* Provided records *
┌──

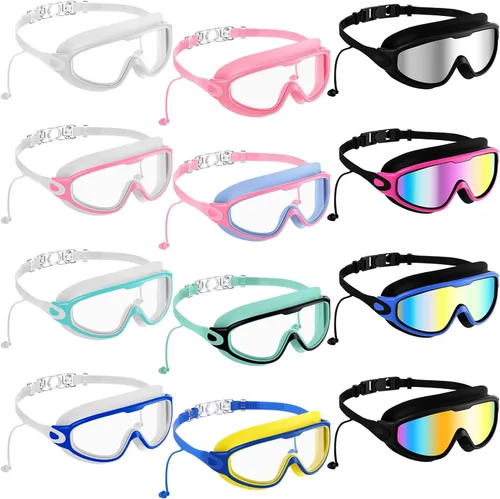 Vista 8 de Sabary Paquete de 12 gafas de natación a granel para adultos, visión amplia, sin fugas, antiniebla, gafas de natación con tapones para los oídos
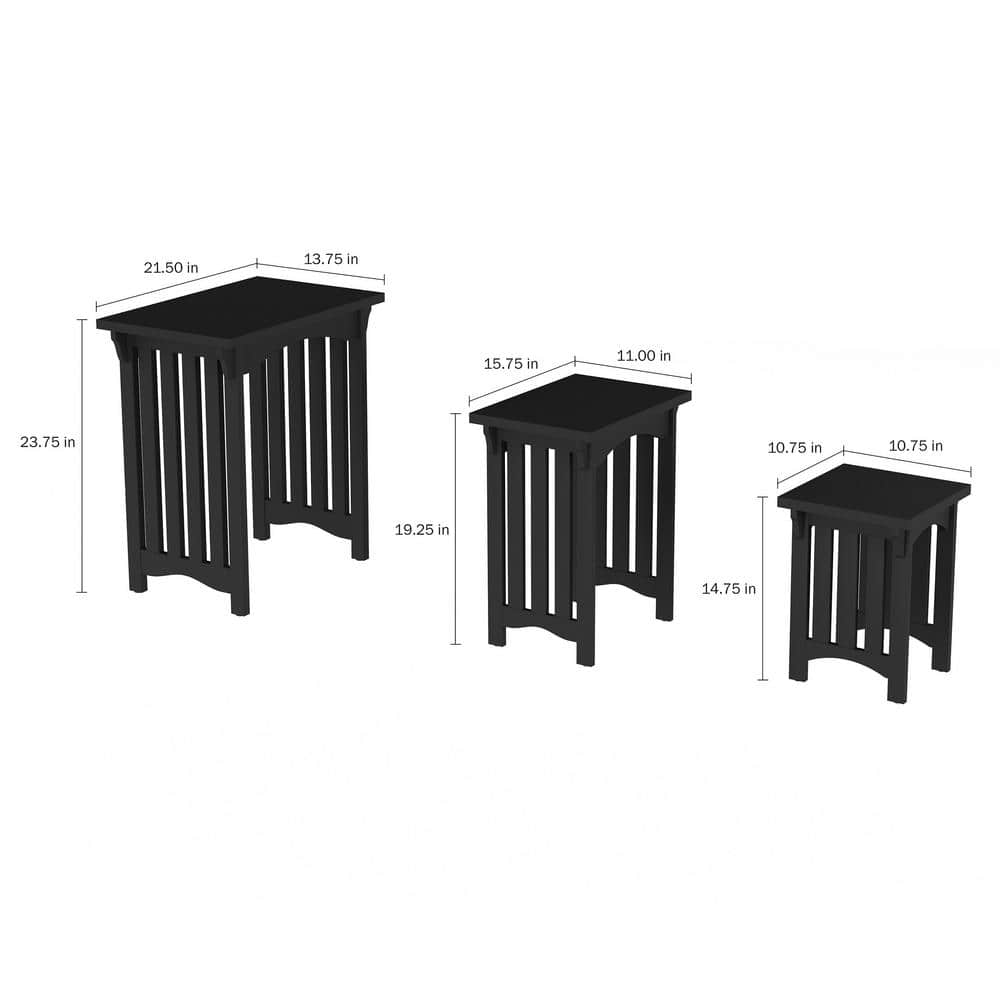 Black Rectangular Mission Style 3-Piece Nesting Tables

└──
┌──

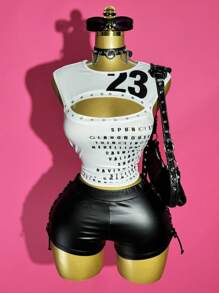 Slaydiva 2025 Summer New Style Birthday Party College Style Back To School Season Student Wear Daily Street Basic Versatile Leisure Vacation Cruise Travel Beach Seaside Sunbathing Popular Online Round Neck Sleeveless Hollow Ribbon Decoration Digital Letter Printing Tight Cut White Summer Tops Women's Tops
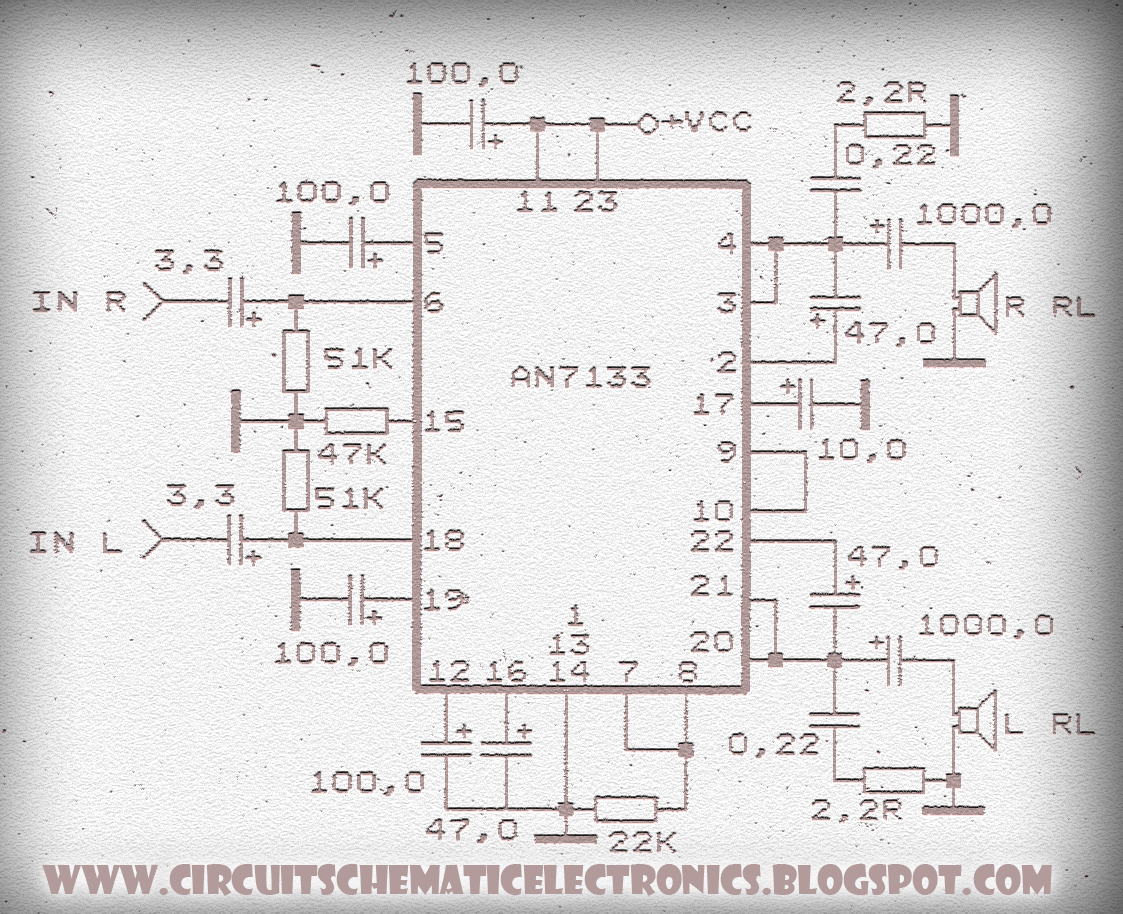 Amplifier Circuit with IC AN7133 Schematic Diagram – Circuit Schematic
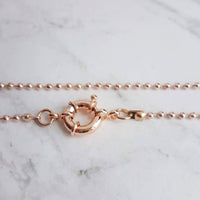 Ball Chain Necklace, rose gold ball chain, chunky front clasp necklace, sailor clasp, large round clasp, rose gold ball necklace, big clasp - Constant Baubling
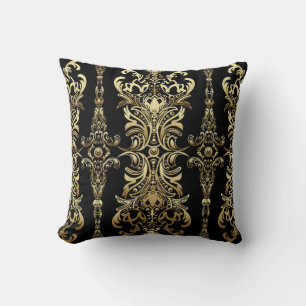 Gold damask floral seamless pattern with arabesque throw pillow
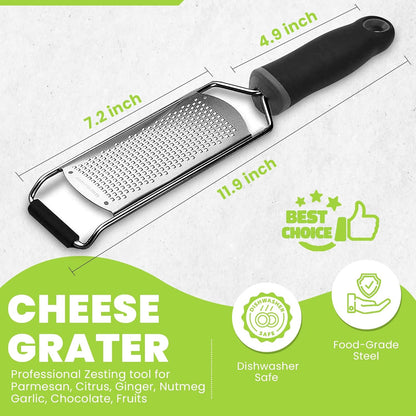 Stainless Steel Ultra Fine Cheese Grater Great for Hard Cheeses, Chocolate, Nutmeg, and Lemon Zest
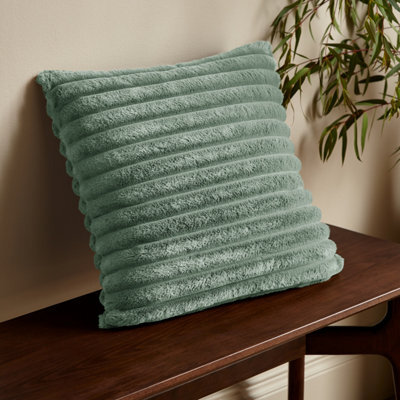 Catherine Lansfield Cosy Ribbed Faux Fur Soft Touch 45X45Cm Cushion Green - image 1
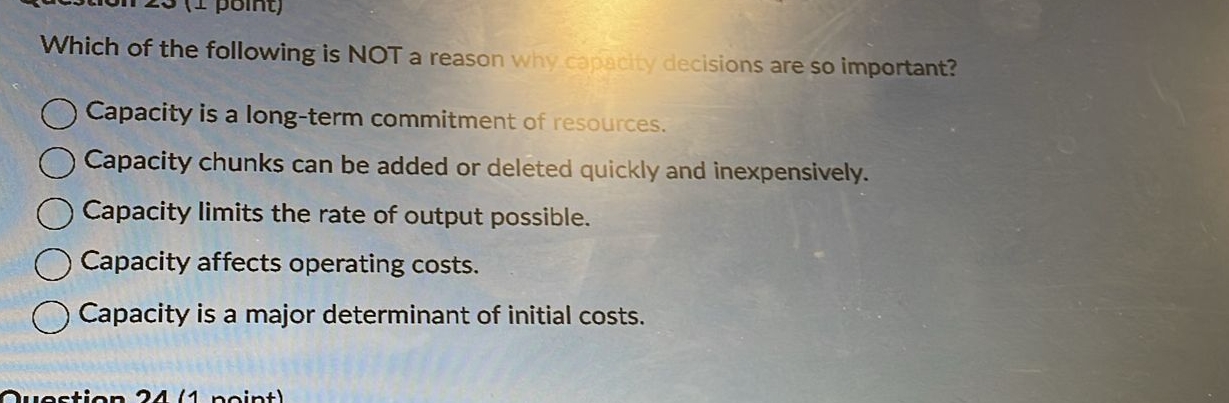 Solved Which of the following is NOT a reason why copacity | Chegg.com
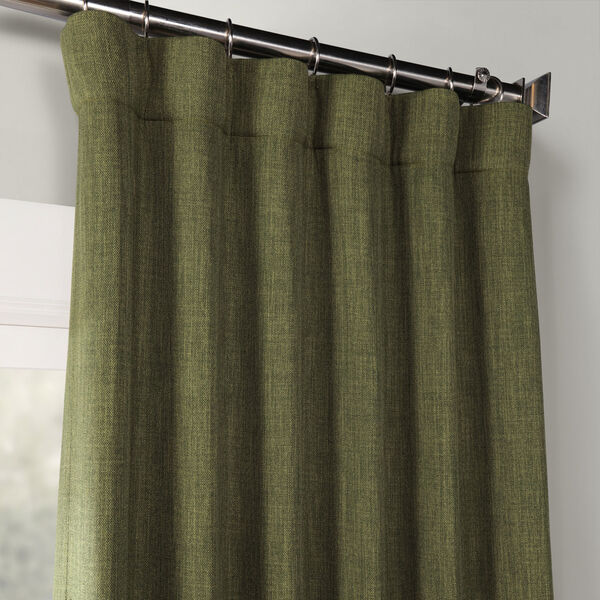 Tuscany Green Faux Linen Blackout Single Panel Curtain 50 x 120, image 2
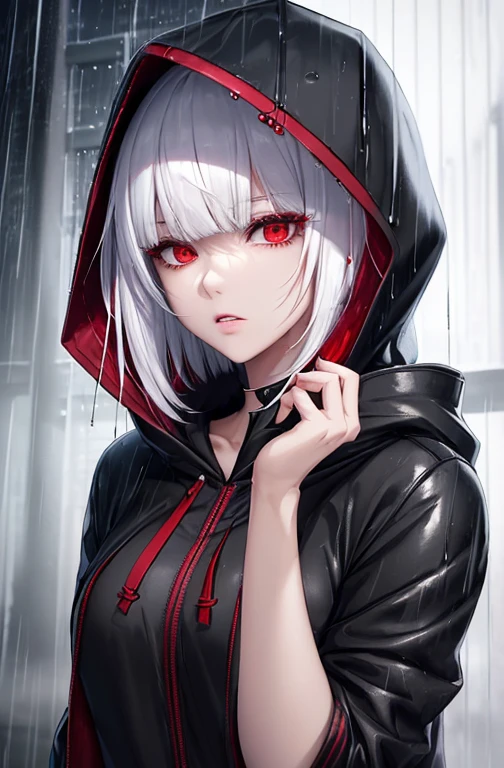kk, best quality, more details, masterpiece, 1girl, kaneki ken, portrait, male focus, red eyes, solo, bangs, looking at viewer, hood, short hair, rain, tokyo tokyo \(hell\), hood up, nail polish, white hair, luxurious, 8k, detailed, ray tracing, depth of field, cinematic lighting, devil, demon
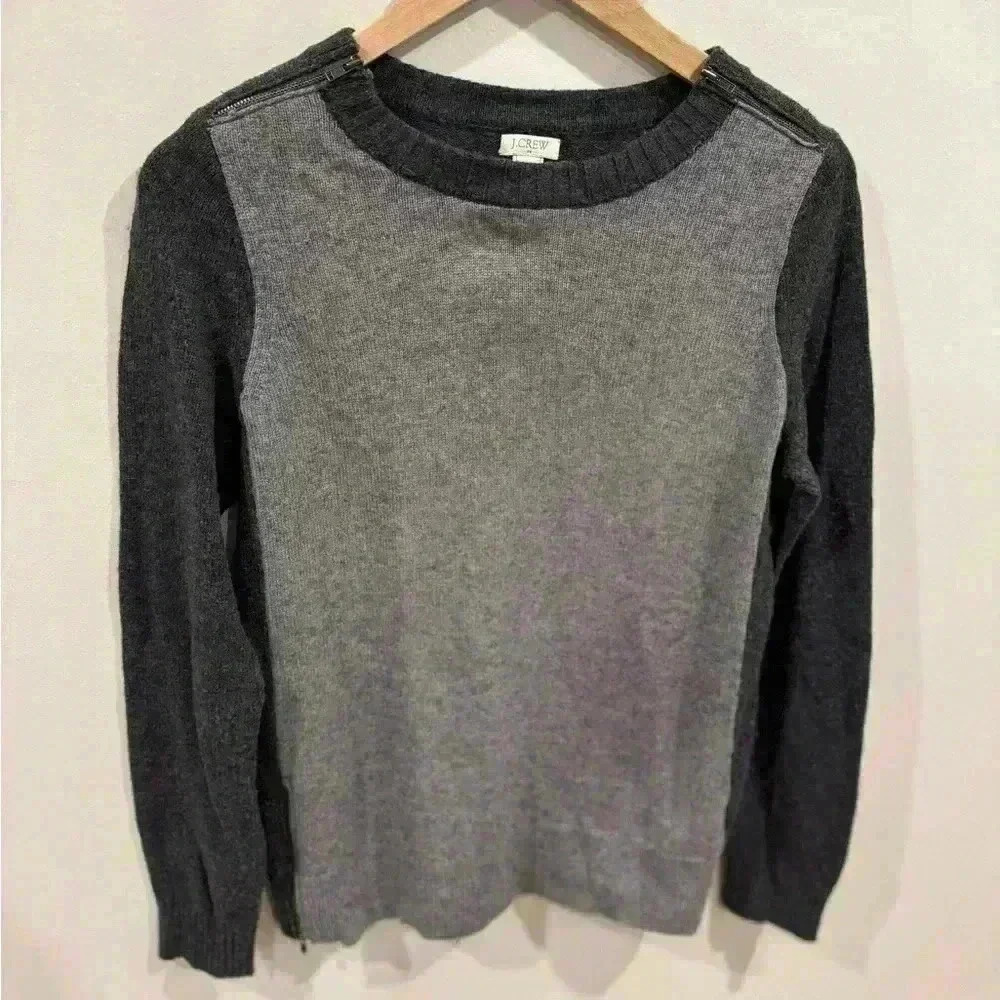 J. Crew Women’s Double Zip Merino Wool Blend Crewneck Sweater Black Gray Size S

└──

* Exercise description *
Exact copy, pictures excluded: from the line with "Slaydiva 2025 Summer" up to and including the line with "J. Crew Women’s" in the data above.

* Answer box *
 Slaydiva 2025 Summer New Style Birthday Party College Style Back To School Season Student Wear Daily Street Basic Versatile Leisure Vacation Cruise Travel Beach Seaside Sunbathing Popular Online Round Neck Sleeveless Hollow Ribbon Decoration Digital Letter Printing Tight Cut White Summer Tops Women's Tops
 Amplifier Circuit with IC AN7133 Schematic Diagram – Circuit Schematic
 Ball Chain Necklace, rose gold ball chain, chunky front clasp necklace, sailor clasp, large round clasp, rose gold ball necklace, big clasp - Constant Baubling
 Gold damask floral seamless pattern with arabesque throw pillow
 Stainless Steel Ultra Fine Cheese Grater Great for Hard Cheeses, Chocolate, Nutmeg, and Lemon Zest
 Catherine Lansfield Cosy Ribbed Faux Fur Soft Touch 45X45Cm Cushion Green - image 1
 Solved Which of the following is NOT a reason why copacity | Chegg.com
 Tuscany Green Faux Linen Blackout Single Panel Curtain 50 x 120, image 2
kk, best quality, more details, masterpiece, 1girl, kaneki ken, portrait, male focus, red eyes, solo, bangs, looking at viewer, hood, short hair, rain, tokyo tokyo \(hell\), hood up, nail polish, white hair, luxurious, 8k, detailed, ray tracing, depth of field, cinematic lighting, devil, demon
 J. Crew Women’s Double Zip Merino Wool Blend Crewneck Sweater Black Gray Size S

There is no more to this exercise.